Game 1: Denver 93, Spurs 87

Leaders: 
Andre Miller - 31 points, 5 assists, 4 rebounds
Manu Ginobili - 23 points, 5 assists, 4 rebounds
Nazr Mohammed - 15 points, 15 rebounds, 4 blocks


Game 2: Spurs 104, Denver 76 


Leaders:
Tim Duncan - 24 points, 9 rebounds, 5 assists, 3 blocks, 28 minutes
Tony Parker - 19 points, 6 assists
Marcus Camby - 9 points, 12 rebounds


Game 3:Spurs 86, Nuggets 78 



Leaders:
Manu Ginobili - 32 points, 9 rebounds, 3 assists, 31 minutes
Carmelo Anthony - 19 points, 6 rebounds
Marcus Camby - 12 points, 14 rebound, 5 blocks



Game 4:Spurs 126, Nuggets 115 



Leaders:
Tim Duncan - 39 points, 14 rebounds, 
Tony Parker - 29 points, 7 assists, 4 rebounds
Carmelo Anthony - 28 points, 7 rebounds, 5 assists




*Projected Starting Lineups: *













































































*Reserves:*











































































































Got to finish this one right here, right now. There's no reason why Denver should win two games in SA in this series, so we need to buckle down and defend our home floor. It all starts with defense again, and although we won game 4 in a high scoring affair, I feel more comfortable with the score down in the 80's-90's. The main thing here is that we get good performances out of Duncan and Parker, who seem to be on an "every-other night" streak in this series. I think we've sucked the life out of Denver at this point, and unless we completely stink in this game, we'll finish it off. 
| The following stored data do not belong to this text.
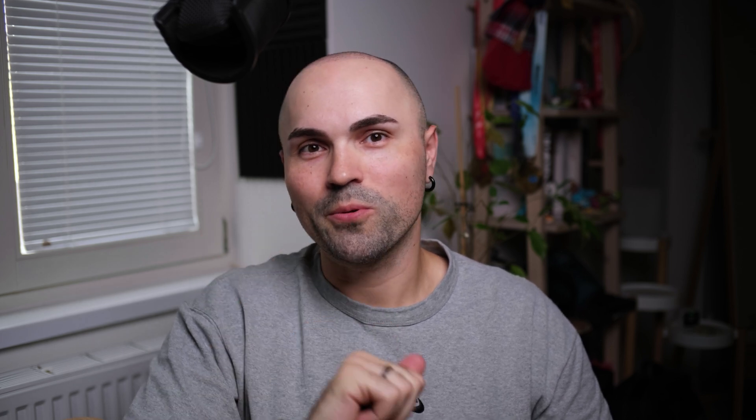Officially, DENEB does not support field parameters, so if you want to switch fields that you display in DENEB visuals, you'll need to use a workaround for this. Let me show you.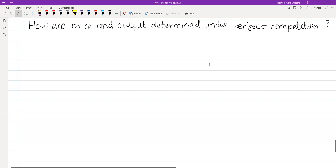What do you need to understand? In this question, what do you need to do? What do you need to do in perfect competition? In the first question, what do you need to do in perfect competition?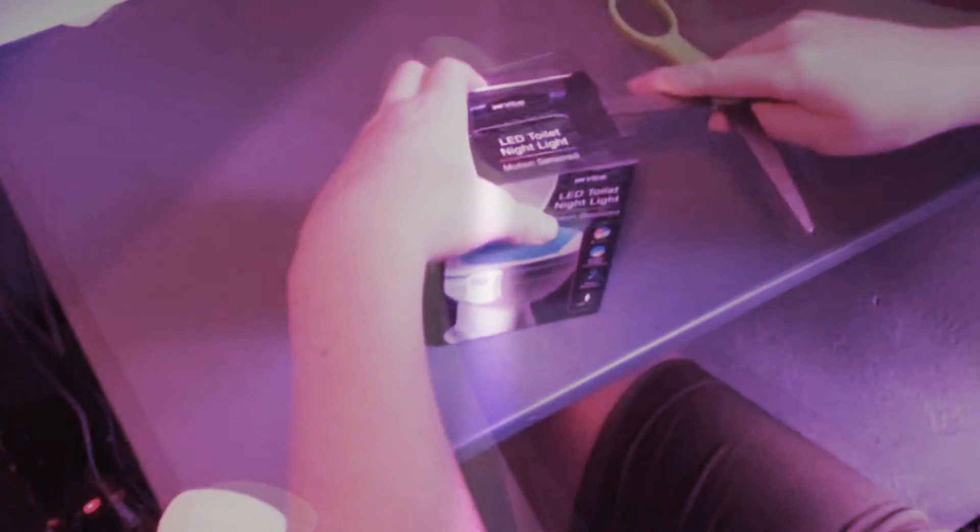So today we are going to be unboxing the toilet light which you can purchase at Five Below for five dollars. I know, crazy. And yeah, today we are going to be reviewing it and see what it is.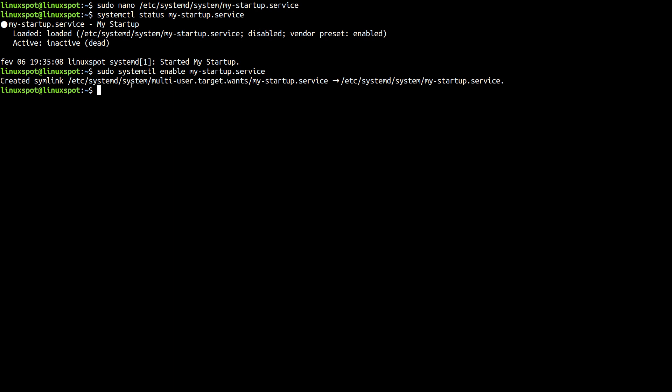And that's it. Systemd has just enabled our unit. So the next time I boot my system, it will run the my-startup service, which in turn will run the script that we've just created before.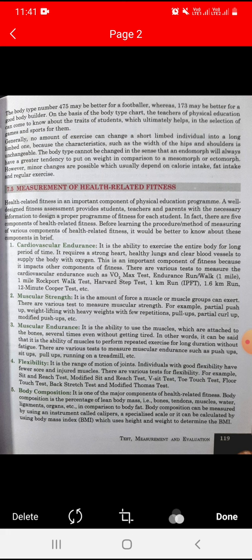Next is flexibility. Flexibility is the range of motion of a joint. Individuals with good flexibility have fewer chances of muscle injuries. There are various tests for flexibility, which include the sit and reach test, the modified sit and reach test, the V sit test, and the toe touch test.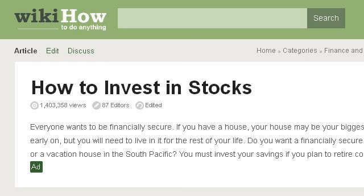If you don't find useful information on the previous sites, see www.wikihow.com — the web page 'How to Invest in Stocks: 13 Steps with Pictures' on WikiHow.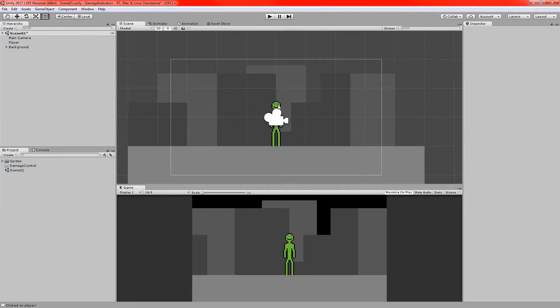First I'll quickly cover what I have in the scene already. I've got the player object, just a little green fella — I like him, he's cool — and I've got some sprites for the background, just some gray squares and a floor. I've added those so it shows the shake effect when you do the screen shake. Without them it just looks like the player wobbles.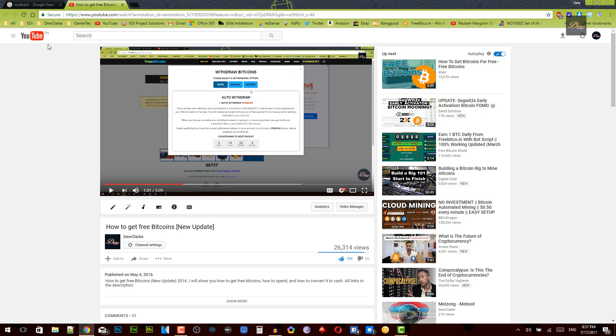Hey guys, welcome back to Duke Clark. In today's tutorial I'm going to be showing you how to mine for bitcoins with your computer. This is probably the easiest way. This is 2017, it'll work in 2018, 2019, whatever.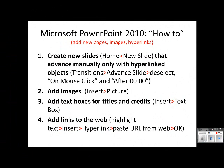This tutorial will end with a review of some of the instructions covered in this video. Enjoy digital storytelling.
*Koko's Key's to Victory:*



- Keep Denver off the offensive boards. We can't give them multiple chances to score, so we need to box them out and grab the defensive rebounds.


- Keep attacking the glass. We can't get stiff or scared to go in the paint because Denver has been physical down there, so it's important to keep attacking the glass.


- The bench. Our bench has been absolutely fantastic, and it needs to continue.




Prediction: Spurs 98, Nuggets 89


----------



## XxMia_9xX (Oct 5, 2002)

spurs 107
nugz 94

i think the spurs will finish this series already. they really should just shut down denver and dont let it go to game 6. the spurs needs rest for the next series. it's important for them be rested.


----------



## Kunlun (Jun 22, 2003)

Now that the Sixers are out of the playoffs I'll be rooting for the Spurs to win it all. 

*Let's go Spurs!!*


----------



## Guth (Feb 23, 2005)

Koko, you took the words right out of my mouth... I think we have sucked the life out of the Nuggets and I really don't think they will put up much of a fight tonight, if we come out fast and put pressure on them early on...although, if our boys have that attitude, we could be looking to head to Denver for Game 6, so we need to be as focused as if we are tied 2-2...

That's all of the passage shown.